Anastácia e a máscara


O livro ANASTÁCIA E A MÁSCARA tensiona ética e estética brasileiras, com rigor formal e tema urgente. Henrique Marques Samyn promove uma revisão crítica do cânone, ou seja, estimula a imaginação daquilo que sempre esteve aqui - o corpo negro e a subjetividade negra -, mas que foi recalcado pelo processo de embranquecimento de nossa cultura, daquilo que definimos enquanto traços de brasilidade. Destaca-se a imaginação de Anastácia (título e imagem de capa do livro) e Rosa Egipcíaca, mulheres negras que precisam ser cantadas em prosa e versos para que suas memórias sejam cultivadas e se mantenham presentes. (A leitura de ANASTÁCIA E A MÁSCARA me lembrou que minha avó benzedeira tinha uma imagem de Anastácia no altar de sua casa no interior da Paraíba, à margem do rio, onde lavava roupa para ganhar a vida). O "nada" em destaque no poema "Na esquina, espreita a sombra" dialoga com o "nada" em destaque no poema "Soam mais alto as vozes", exigindo de quem lê a compreensão de que é uma poética o que está em jogo no conjunto de poemas Henrique. Essa poética é voz coral que imagina o que "ouve" (escuta) mais do que o que "houve" (aconteceu), já que o acontecido aparece dado nos livros canônicos, livros escritos pelas máscaras brancas.

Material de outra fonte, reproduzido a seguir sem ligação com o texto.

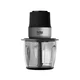 BEKO Seckalica CHG 81442 BX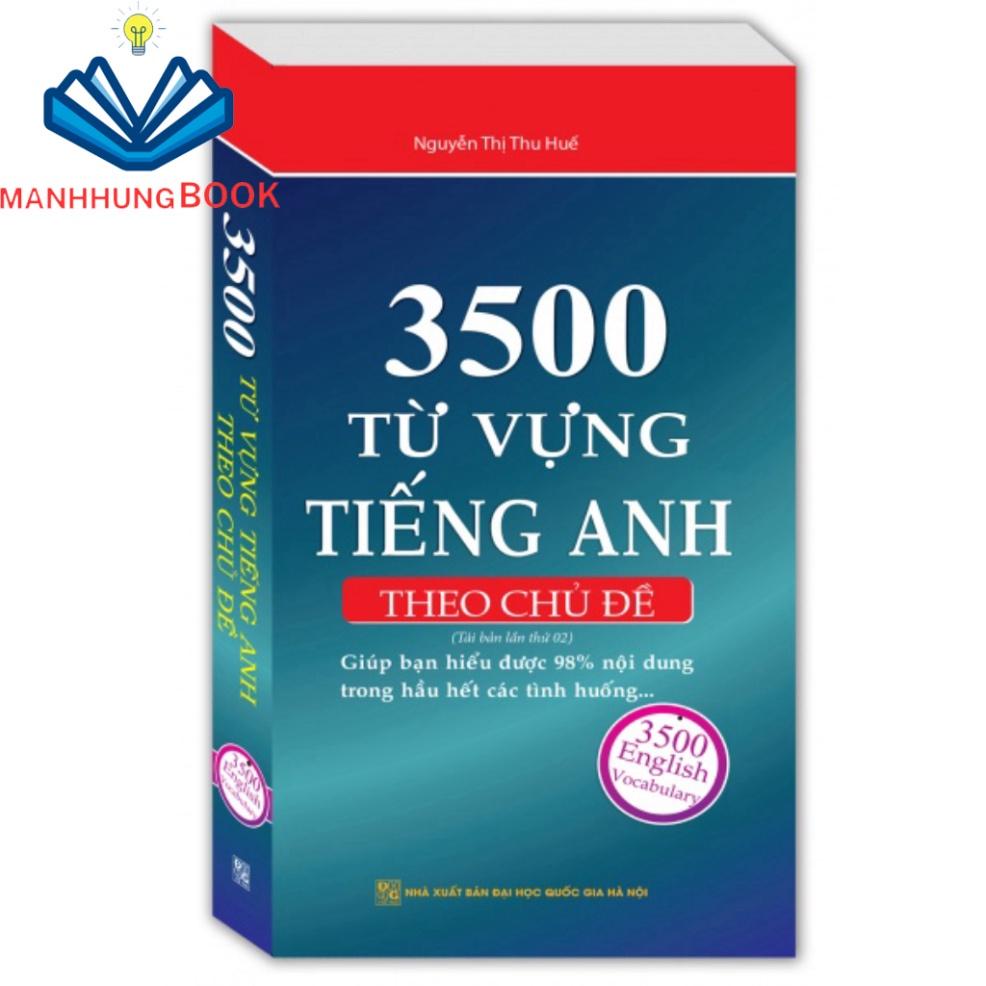 Sách - 130 bài ngữ pháp tiếng Anh màu (tặng 3500 đen trắng)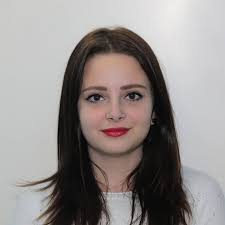 Středoškoláci: Vyučující mají zastaralé metody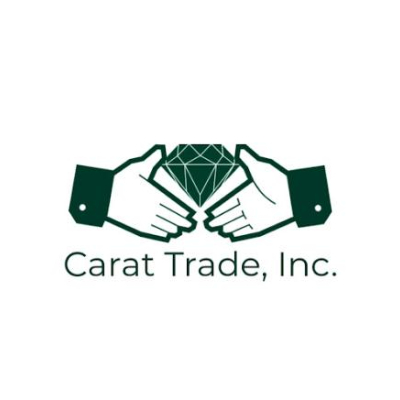 Image for Carat Trade, Inc. with ID of: 6462854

Manejando rigor formal e ancestralidade, o trovador Henrique canta - no caso de Anastácia, sempre com três quartetos e dois dísticos (todos em decassílabos); no caso de Rosa, os versos livres dão conta de presentificar os vários nomes dados a mulher por trás do mito, mas apoiados em redondilhas, metro mais comum na língua falada no Brasil. Por sua vez, na contramão do patriarcado, me parece que "Soneto ao não-jogador de futebol" é uma resposta às imposições do "macho, adulto, branco sempre no comando" e suas faces patriarcais que se revelam, inclusive, no uso dos metros e das regras historicamente legitimadoras de quem é ou não é homem. Assim como "Arte poética" inscreve o debate sobre ser ou não ser poeta: quem pode? Quem decide? As vozes filtradas por Henrique respondem. Em ANASTÁCIA E A MÁSCARA temos saber oral e saber livresco em tensão, em disputa sobre o que ficou e o que fica registrado na cultura.